In Maine we don't usually go to the county courthouse to find vital records. In this and other New England states, birth, death and marriage records have been kept by towns and cities since colonial days. Municipal clerks in Maine were sometimes expected to return copies of these records to the state, but only in 1892 did this become standard practice. There is, though, one important set of vital records that may be found at Maine courthouses.
Towns in Massachusetts had been sending copies of marriage records to their county's Court of General Sessions for a century when, in 1786, a law was passed requiring the courts to record these marriages "in a book to be kept for that purpose, and no other." After Maine separated from Massachusetts, a similar law was passed here, requiring city, town and plantation clerks to return, "to the clerk of the judicial courts for his county, a transcript of all records of marriages made upon his books, during the year for which he was clerk; and it shall be the duty of the clerk of said courts to record the same in a book, to be kept for that purpose." Many of these books survive, and include records of marriages for which no other evidence exists.

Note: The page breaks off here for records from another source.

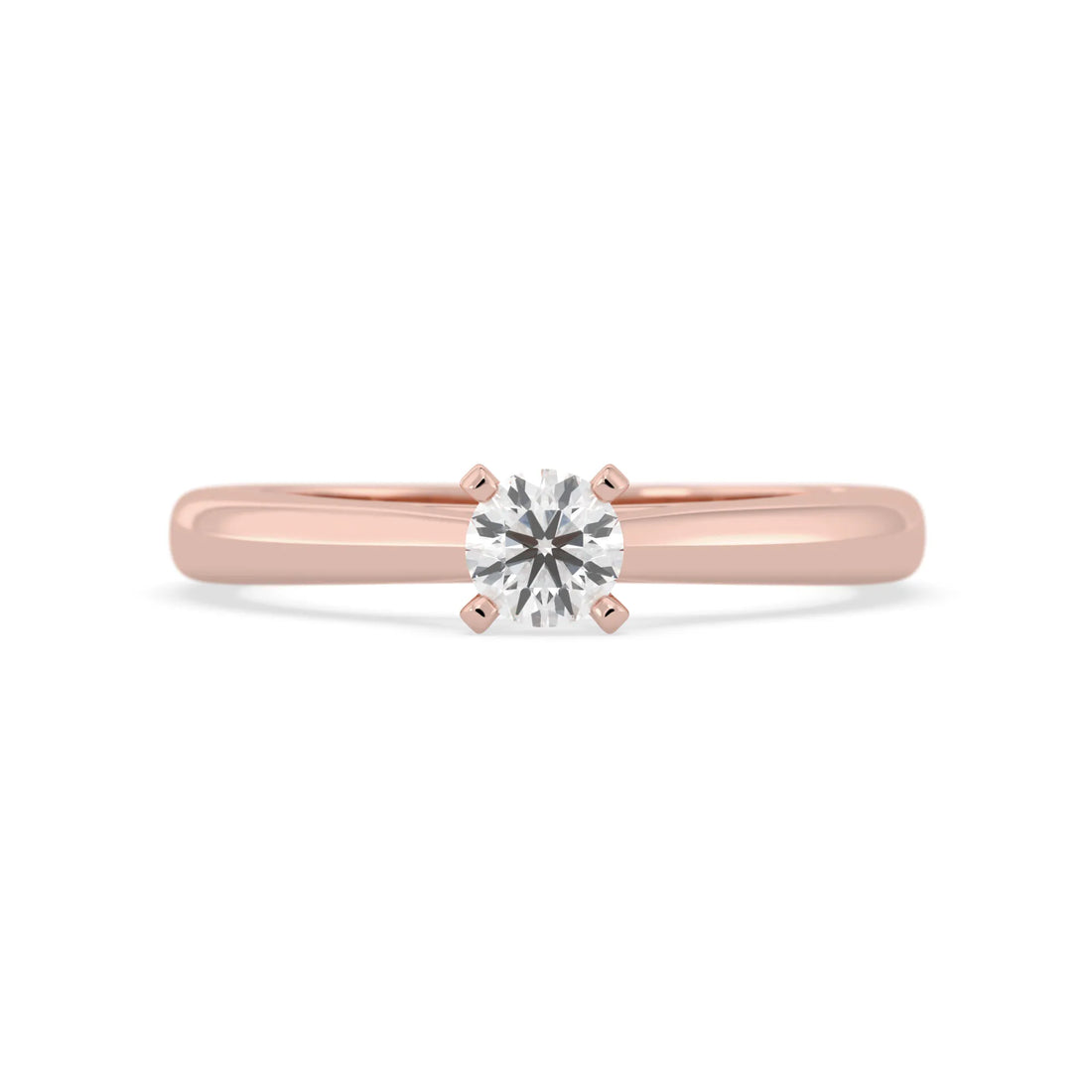 OctaPearl Round Cut Lab Grown Diamond Solitaire Engagement Ring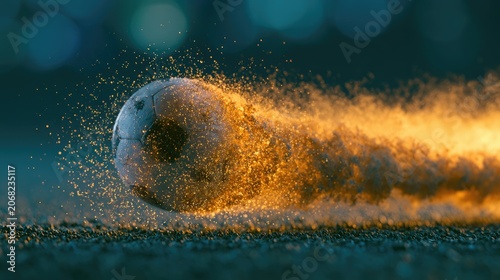 Glowing soccer ball explodes with fiery particles in motion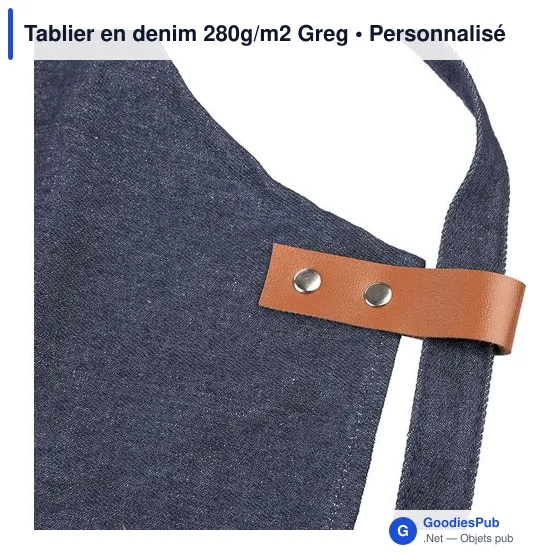 Tablier en denim personnalisable avec logo - Modèle Greg - Image 10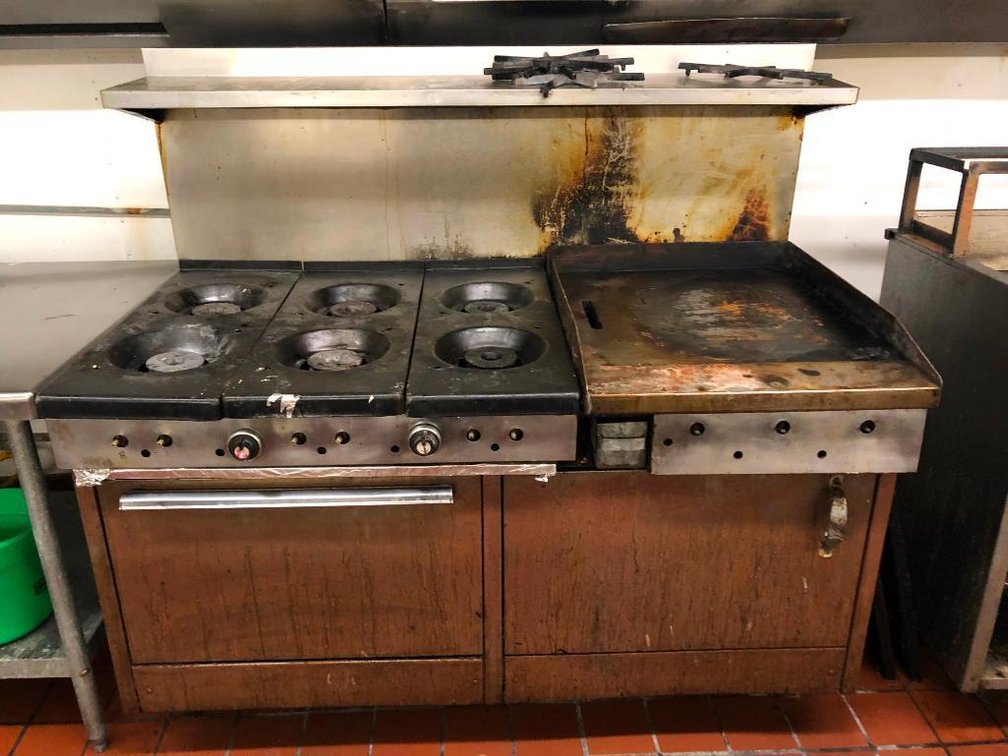 Commercial 6 Gas Burner Stove & Flat Top Griddle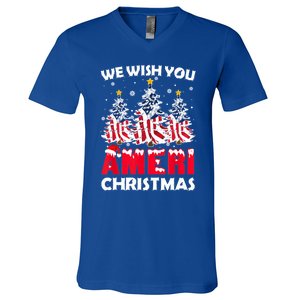 Merry Christmas We Wish You Ameri Xmas American Flag Trees Cute Gift V-Neck T-Shirt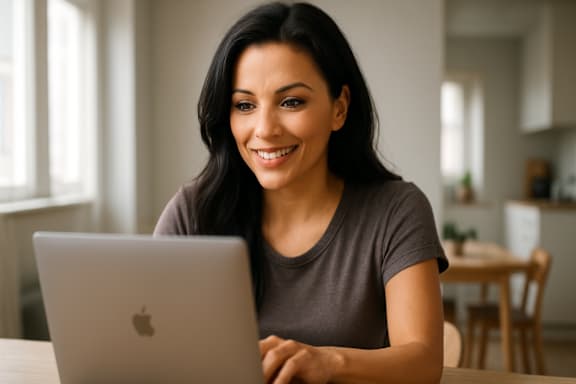 A woman is smiling while using a laptop.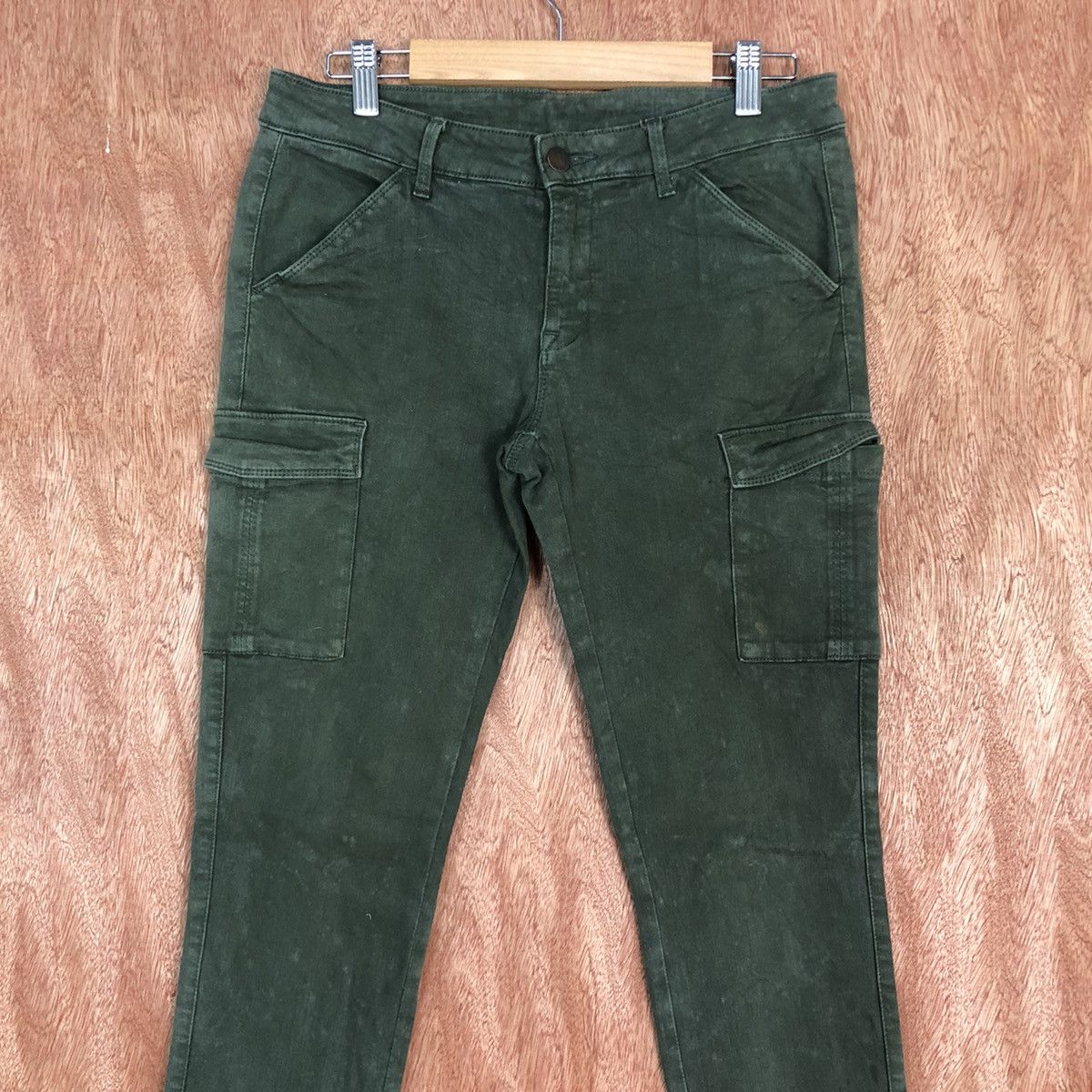 Japanese Brand × Uniqlo UJ UNIQLO GREEN MULTIPOCKET SKINNY CARGO PANTS #c661 Size US 27 - 2 Thumbnail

Through the efforts of the Maine Genealogical Society, returns from Cumberland, Lincoln, Oxford, Penobscot, Washington and York Counties have been transcribed and published. (Some early York County returns had been published previously, as had those of Waldo County.) Returns from Androscoggin, Hancock, Kennebec, Knox, Piscataquis and Sagadahoc Counties are also available on microfilm at the Maine State Archives. Franklin County returns have been transcribed here.
Some of these marriage records will also be found at FamilySearch, where they may be viewed online. (Click on the camera icon to view images.) These include: Androscoggin County; Aroostook County; Cumberland County; Kennebec County; Lincoln County (more here); Oxford County (relevant images begin here); and Piscataquis County.